Work item:
Please output, without any change, the lines of the material below from the very first through the one with "Viação Forte AF-056".

Supplied data:
=-=-=
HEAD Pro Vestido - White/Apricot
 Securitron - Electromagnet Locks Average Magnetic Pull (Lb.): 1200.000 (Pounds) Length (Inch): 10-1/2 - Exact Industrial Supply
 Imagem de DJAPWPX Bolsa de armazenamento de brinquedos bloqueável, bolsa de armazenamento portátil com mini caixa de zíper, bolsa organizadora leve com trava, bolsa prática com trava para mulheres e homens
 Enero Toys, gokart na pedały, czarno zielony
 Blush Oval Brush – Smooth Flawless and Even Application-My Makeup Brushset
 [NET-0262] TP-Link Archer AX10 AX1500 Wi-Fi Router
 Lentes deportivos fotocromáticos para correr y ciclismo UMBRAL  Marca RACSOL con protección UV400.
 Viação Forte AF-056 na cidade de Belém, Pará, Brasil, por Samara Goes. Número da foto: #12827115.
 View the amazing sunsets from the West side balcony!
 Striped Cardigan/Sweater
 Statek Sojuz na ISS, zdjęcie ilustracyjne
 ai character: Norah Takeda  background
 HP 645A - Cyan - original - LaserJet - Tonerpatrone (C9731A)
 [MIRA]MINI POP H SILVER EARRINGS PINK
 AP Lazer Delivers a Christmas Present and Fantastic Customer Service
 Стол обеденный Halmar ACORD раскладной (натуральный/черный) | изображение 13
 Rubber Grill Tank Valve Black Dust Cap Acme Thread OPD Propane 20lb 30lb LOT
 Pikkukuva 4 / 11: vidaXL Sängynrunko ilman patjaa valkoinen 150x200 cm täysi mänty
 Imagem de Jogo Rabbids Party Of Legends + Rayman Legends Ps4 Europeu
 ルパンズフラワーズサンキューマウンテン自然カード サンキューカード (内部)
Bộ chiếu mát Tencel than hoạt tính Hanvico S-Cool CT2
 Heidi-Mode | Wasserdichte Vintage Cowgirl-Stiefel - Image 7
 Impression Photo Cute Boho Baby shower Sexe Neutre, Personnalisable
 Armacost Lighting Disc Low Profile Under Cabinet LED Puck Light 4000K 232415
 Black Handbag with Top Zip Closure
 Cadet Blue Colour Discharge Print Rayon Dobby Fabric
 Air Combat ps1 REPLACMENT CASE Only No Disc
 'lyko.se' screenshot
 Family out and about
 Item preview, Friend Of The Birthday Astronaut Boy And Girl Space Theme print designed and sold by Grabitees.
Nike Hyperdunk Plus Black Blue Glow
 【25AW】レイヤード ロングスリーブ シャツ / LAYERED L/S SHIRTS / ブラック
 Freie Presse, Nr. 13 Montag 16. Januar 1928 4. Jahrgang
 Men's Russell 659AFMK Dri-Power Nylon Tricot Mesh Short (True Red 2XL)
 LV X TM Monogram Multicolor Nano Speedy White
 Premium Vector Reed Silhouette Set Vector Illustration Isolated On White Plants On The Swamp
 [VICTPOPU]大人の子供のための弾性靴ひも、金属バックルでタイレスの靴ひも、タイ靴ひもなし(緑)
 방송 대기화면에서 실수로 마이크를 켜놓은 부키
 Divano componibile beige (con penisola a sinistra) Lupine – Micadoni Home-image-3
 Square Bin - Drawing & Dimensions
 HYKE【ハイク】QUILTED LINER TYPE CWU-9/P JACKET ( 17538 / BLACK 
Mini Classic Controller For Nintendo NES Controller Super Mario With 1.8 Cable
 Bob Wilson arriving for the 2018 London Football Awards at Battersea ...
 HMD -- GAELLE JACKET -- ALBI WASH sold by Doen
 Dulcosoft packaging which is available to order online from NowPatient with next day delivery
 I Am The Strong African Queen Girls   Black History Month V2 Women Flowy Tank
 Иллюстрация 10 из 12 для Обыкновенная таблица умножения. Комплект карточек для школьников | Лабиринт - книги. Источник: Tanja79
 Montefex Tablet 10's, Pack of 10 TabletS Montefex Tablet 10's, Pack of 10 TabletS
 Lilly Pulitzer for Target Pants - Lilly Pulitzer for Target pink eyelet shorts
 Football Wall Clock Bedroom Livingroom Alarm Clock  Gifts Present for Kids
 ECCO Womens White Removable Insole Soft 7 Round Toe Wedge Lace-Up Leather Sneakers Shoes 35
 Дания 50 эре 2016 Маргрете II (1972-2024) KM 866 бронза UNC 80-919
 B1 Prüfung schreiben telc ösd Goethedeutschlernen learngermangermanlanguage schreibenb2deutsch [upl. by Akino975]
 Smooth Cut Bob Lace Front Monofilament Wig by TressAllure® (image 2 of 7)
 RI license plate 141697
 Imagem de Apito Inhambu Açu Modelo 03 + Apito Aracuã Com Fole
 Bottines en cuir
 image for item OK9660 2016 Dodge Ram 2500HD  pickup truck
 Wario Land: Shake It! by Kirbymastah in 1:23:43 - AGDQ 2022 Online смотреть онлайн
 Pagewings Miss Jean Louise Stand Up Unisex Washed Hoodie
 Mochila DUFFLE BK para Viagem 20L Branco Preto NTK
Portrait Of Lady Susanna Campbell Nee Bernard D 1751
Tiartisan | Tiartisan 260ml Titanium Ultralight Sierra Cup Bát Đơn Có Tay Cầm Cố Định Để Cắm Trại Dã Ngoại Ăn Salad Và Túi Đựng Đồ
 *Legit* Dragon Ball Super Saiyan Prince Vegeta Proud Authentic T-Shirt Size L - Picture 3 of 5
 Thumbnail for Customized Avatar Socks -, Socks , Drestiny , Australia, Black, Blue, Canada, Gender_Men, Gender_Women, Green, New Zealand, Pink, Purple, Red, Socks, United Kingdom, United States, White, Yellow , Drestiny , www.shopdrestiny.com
=-=-=
Completed exercise:
HEAD Pro Vestido - White/Apricot
 Securitron - Electromagnet Locks Average Magnetic Pull (Lb.): 1200.000 (Pounds) Length (Inch): 10-1/2 - Exact Industrial Supply
 Imagem de DJAPWPX Bolsa de armazenamento de brinquedos bloqueável, bolsa de armazenamento portátil com mini caixa de zíper, bolsa organizadora leve com trava, bolsa prática com trava para mulheres e homens
 Enero Toys, gokart na pedały, czarno zielony
 Blush Oval Brush – Smooth Flawless and Even Application-My Makeup Brushset
 [NET-0262] TP-Link Archer AX10 AX1500 Wi-Fi Router
 Lentes deportivos fotocromáticos para correr y ciclismo UMBRAL  Marca RACSOL con protección UV400.
 Viação Forte AF-056 na cidade de Belém, Pará, Brasil, por Samara Goes. Número da foto: #12827115.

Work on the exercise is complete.